Signed-off-by: Jean-Philippe Brucker <jean-philippe at linaro.org>
---
 arch/arm64/include/asm/arm-smmu-v3-regs.h     |  1 -
 drivers/iommu/arm/arm-smmu-v3/arm-smmu-v3.h   |  1 +
 .../arm/arm-smmu-v3/arm-smmu-v3-common.c      | 21 ++++++++++++-------
 drivers/iommu/arm/arm-smmu-v3/arm-smmu-v3.c   | 10 ++++-----
 4 files changed, 19 insertions(+), 14 deletions(-)
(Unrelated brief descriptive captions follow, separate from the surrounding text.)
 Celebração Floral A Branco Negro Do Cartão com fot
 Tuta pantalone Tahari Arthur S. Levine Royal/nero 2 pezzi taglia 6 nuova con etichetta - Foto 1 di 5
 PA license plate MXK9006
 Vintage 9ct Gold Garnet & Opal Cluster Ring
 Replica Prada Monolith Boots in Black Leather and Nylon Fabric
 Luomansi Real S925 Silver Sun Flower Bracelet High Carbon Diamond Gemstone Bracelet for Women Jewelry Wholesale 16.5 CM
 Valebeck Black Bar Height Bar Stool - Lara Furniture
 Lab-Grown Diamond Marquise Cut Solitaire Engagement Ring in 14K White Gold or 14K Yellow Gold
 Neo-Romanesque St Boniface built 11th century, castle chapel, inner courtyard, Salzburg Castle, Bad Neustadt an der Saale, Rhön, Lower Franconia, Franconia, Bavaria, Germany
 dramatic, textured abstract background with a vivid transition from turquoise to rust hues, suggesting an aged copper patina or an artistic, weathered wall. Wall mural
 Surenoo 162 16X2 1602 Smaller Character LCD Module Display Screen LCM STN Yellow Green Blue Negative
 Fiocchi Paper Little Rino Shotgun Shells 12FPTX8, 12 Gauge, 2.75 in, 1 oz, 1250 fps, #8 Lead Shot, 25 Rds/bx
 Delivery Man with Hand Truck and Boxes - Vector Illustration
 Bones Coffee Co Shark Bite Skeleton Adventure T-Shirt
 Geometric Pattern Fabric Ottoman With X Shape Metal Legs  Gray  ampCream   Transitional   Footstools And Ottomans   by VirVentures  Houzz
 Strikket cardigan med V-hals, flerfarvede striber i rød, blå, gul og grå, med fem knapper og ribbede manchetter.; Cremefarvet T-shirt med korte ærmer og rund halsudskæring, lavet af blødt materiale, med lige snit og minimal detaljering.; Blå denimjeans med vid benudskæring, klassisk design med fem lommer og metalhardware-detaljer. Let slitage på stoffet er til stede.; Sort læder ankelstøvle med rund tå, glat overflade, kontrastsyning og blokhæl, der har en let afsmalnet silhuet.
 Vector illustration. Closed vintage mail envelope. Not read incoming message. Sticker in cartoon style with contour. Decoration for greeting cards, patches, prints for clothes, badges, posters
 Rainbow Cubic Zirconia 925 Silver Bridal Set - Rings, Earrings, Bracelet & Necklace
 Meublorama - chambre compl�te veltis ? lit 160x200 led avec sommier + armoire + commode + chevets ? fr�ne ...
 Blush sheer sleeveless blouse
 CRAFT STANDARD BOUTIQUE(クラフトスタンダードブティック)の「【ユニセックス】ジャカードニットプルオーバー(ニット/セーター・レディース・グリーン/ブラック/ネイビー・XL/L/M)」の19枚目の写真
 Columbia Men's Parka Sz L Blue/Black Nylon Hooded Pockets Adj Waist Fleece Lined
diff --git a/arch/arm64/include/asm/arm-smmu-v3-regs.h b/arch/arm64/include/asm/arm-smmu-v3-regs.h
index 646a734f2554..357e52f4038f 100644
--- a/arch/arm64/include/asm/arm-smmu-v3-regs.h
+++ b/arch/arm64/include/asm/arm-smmu-v3-regs.h
@@ -168,7 +168,6 @@
  *       256 lazy entries per table (each table covers a PCI bus)
  */
 #define STRTAB_L1_SZ_SHIFT		20
-#define STRTAB_SPLIT			8
 
 #define STRTAB_L1_DESC_DWORDS		1
 #define STRTAB_L1_DESC_SPAN		GENMASK_ULL(4, 0)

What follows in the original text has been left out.